I have always liked to write- this is no secret and I have talked about it often on here and elsewhere but I definitely go through stages where I will write and write and write and then go months when I will barely write at all. It is not an enthusiasm thing, or a lack of inspiration thing, in fact I don`t really know what it is.
I have journalled on and off for years and over the last couple of years was writing a couple of times a week until I got married earlier this year. You would think with the wedding, and getting pregnant and moving back to Japan that I would have written more often since there was so much going on and so many changes happening but since our wedding in May I have written in my journal only 4 or 5 times. It is still sitting in our bedside table waiting for when the urge hits to write in it once again.
I am disappointed in myself for not writing in it more often since coming back here- it is not like I haven`t had much time. In fact I have had more time than ever to write but I just haven`t. I want to get back into it again but the desire is just not really there at the moment…
On our bookshelves I hate lots of books about writing and writing prompts and grammar and unusual words but the truth is I rarely touch them.

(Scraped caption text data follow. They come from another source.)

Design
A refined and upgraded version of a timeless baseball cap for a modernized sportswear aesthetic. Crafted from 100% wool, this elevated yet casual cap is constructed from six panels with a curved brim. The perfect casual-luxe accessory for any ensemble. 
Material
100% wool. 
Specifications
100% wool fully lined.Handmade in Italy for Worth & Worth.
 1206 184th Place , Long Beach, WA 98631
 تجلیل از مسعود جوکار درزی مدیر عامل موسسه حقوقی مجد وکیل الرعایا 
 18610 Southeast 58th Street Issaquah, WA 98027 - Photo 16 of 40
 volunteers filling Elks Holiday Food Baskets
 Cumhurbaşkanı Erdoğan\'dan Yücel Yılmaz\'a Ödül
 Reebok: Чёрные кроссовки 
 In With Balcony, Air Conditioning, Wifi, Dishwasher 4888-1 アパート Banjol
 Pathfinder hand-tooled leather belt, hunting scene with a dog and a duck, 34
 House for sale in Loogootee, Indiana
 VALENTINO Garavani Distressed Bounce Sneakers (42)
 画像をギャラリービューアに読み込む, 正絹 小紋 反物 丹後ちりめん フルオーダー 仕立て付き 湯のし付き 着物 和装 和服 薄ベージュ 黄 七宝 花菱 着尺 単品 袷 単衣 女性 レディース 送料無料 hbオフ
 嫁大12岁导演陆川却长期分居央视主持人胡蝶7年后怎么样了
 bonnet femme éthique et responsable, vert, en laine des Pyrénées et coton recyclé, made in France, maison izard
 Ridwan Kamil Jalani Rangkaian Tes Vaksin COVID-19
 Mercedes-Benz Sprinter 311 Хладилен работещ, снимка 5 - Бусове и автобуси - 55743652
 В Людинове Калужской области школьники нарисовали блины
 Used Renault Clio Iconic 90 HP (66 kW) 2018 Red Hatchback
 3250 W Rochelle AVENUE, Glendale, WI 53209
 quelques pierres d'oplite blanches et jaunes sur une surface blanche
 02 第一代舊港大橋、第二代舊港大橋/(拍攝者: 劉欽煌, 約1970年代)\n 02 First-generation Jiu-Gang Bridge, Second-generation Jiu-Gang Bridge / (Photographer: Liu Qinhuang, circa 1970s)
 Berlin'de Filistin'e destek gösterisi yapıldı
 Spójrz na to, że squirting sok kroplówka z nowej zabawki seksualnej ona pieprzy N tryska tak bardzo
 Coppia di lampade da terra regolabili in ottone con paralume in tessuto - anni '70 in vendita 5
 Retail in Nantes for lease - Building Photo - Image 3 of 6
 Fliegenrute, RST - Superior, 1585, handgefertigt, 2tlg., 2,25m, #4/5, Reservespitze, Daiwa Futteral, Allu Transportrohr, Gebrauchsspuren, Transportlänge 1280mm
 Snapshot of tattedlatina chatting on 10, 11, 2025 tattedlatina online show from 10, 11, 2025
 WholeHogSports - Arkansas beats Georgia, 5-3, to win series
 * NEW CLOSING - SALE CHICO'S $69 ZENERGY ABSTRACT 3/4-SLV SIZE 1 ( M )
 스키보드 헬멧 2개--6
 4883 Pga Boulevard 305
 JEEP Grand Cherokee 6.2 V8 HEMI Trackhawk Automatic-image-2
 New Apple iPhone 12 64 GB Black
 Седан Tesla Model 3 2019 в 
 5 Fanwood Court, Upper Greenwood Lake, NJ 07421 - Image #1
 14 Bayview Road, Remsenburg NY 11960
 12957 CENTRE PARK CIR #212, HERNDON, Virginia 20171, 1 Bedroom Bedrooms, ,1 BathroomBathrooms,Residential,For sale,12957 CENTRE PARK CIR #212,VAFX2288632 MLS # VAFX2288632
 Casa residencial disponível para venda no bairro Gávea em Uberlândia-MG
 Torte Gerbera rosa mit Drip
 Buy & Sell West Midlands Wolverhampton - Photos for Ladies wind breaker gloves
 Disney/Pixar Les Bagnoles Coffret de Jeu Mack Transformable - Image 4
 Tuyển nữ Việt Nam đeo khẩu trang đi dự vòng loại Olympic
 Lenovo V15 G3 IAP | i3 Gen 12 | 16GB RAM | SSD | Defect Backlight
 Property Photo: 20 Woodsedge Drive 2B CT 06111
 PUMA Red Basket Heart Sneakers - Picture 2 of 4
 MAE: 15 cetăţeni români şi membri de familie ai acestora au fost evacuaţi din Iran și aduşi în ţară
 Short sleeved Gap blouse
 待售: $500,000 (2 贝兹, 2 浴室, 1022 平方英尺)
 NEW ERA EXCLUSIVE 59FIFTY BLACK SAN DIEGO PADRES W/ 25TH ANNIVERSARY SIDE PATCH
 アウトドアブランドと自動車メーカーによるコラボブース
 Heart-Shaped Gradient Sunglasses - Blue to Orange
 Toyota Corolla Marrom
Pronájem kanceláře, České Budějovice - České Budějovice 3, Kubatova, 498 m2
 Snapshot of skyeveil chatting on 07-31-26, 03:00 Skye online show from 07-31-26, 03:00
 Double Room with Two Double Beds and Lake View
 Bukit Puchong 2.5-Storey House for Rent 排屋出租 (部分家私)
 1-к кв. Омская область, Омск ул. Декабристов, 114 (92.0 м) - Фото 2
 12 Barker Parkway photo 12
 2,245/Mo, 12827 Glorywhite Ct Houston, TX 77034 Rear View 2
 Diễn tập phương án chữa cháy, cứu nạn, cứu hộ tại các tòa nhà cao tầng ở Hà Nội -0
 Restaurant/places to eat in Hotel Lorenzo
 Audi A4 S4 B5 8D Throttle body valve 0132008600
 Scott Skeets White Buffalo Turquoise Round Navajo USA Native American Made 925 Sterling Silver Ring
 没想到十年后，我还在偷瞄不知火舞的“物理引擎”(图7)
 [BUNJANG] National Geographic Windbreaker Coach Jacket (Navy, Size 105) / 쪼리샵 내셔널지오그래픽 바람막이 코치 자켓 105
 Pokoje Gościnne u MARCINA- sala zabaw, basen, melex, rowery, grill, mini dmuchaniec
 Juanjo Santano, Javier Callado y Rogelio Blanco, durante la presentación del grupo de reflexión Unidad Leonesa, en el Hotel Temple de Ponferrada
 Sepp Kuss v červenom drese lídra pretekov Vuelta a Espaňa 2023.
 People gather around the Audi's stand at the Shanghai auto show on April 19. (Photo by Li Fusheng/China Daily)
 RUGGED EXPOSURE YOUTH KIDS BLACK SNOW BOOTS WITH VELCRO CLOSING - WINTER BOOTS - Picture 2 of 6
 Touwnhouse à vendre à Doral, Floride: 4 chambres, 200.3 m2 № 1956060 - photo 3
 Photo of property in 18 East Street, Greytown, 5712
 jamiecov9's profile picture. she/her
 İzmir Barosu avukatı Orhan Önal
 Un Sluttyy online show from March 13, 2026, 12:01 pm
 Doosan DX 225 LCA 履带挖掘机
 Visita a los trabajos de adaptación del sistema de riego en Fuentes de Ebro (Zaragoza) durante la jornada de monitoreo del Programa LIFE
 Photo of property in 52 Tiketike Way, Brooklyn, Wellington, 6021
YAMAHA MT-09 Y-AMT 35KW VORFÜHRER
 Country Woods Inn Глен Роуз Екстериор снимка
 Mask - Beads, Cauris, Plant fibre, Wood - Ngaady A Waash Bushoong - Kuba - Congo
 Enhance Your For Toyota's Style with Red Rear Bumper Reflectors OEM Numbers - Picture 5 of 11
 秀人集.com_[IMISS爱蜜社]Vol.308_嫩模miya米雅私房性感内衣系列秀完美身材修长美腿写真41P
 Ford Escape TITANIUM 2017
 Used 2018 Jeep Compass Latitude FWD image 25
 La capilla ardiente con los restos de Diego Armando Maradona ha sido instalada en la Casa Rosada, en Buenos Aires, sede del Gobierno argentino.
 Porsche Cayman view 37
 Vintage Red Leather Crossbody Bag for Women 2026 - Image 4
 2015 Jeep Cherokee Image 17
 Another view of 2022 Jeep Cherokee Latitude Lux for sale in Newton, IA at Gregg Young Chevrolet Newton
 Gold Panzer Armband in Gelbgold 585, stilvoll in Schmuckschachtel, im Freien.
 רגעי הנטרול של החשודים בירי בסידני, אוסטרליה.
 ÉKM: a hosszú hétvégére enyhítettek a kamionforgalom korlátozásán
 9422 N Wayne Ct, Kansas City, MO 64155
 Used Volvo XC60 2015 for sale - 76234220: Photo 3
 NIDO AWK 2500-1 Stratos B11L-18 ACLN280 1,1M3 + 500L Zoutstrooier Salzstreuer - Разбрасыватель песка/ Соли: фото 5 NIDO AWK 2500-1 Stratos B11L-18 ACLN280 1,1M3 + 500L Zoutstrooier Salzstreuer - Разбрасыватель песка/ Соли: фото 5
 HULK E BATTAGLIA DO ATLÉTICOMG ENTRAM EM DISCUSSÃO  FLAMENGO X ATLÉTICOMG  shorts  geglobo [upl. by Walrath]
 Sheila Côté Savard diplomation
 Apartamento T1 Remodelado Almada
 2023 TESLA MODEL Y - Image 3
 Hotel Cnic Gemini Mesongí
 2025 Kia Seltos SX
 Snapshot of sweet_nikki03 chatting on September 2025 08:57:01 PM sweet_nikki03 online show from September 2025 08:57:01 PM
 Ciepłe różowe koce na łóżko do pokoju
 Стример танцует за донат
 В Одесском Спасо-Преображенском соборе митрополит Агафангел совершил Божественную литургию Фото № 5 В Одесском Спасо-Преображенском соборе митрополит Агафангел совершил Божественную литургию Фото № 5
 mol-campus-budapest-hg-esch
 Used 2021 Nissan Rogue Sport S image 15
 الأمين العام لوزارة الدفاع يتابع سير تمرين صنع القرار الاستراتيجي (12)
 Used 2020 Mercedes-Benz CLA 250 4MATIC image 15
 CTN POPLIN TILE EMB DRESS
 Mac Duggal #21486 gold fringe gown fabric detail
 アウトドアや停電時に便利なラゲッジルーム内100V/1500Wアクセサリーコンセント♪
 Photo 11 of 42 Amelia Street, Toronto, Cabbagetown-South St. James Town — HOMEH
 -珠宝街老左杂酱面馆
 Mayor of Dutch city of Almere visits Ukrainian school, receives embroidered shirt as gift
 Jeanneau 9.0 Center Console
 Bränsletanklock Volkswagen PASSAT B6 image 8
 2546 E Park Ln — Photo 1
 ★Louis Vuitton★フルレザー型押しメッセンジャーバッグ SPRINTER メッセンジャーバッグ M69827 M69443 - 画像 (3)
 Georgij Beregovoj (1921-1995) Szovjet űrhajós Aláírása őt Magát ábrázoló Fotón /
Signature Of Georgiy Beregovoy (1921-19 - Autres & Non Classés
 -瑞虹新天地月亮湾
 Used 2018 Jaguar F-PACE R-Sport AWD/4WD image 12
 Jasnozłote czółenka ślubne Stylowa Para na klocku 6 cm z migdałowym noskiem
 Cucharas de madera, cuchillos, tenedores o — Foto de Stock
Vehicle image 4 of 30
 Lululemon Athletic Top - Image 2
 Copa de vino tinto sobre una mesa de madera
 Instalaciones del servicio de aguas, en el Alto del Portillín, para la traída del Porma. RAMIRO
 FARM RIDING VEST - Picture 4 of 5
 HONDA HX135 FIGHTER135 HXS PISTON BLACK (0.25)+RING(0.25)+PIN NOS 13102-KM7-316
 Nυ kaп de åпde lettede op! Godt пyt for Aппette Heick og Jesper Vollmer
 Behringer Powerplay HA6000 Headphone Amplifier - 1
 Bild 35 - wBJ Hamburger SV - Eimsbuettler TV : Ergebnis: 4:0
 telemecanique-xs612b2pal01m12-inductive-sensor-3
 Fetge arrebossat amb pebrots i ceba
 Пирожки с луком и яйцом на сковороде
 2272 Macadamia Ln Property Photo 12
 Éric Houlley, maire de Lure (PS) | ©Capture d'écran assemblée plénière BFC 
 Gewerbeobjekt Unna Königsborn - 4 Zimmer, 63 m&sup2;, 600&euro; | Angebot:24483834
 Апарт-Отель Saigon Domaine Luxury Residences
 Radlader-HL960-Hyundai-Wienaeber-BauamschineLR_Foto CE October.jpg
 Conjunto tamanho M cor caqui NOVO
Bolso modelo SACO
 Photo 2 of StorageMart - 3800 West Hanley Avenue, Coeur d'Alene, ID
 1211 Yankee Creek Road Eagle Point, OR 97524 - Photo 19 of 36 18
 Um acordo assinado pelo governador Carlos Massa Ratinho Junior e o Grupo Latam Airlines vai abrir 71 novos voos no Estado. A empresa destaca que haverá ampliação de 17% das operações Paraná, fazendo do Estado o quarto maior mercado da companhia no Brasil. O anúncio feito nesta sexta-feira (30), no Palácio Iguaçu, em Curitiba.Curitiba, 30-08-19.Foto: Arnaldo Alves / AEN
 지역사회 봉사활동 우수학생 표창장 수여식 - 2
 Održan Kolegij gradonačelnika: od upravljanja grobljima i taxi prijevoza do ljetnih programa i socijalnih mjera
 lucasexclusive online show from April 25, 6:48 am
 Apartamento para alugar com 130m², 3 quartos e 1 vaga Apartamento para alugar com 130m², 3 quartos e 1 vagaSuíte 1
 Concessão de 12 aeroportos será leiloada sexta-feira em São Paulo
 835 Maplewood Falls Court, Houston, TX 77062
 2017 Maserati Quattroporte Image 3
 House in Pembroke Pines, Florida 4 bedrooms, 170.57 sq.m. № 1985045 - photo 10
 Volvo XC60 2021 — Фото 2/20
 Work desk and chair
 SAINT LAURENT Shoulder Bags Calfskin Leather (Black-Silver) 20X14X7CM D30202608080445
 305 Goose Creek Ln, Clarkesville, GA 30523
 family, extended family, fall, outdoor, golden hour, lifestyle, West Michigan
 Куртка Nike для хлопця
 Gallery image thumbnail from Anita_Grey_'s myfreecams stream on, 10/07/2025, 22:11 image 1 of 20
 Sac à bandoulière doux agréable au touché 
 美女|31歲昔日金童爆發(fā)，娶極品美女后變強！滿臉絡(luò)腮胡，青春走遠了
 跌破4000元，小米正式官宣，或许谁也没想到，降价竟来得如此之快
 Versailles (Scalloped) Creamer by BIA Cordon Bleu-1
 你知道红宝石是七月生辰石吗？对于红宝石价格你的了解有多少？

It as if when I look at them I am disappointed that those books haven`t magically made me into a better writer. I know that reading a book about writing will not automatically make me a better writer but I think deep down I had hoped that would be a magical cure. I know that what it really takes to become a good writer is time to hone the skills/ability one has and diligence to keep at it. But I also think that someone has to already have the talent to be a good writer- I think you are born with the gift and there are some that have it and some that don`t. Sadly, I feel I am one of those people that don`t have that gift, as much as I want it.
I read so many things each day, thinking to myself “I wish I could write like that” or “I wish I could be as engaging as that” – and a lot of things when I go to write sound so much better and more eloquently put in my head until I write them down or type them out and this frustrates me so much. Like this post for example.
Have you ever had something you so desperately wanted to be good at just not work for you? How did you overcome it?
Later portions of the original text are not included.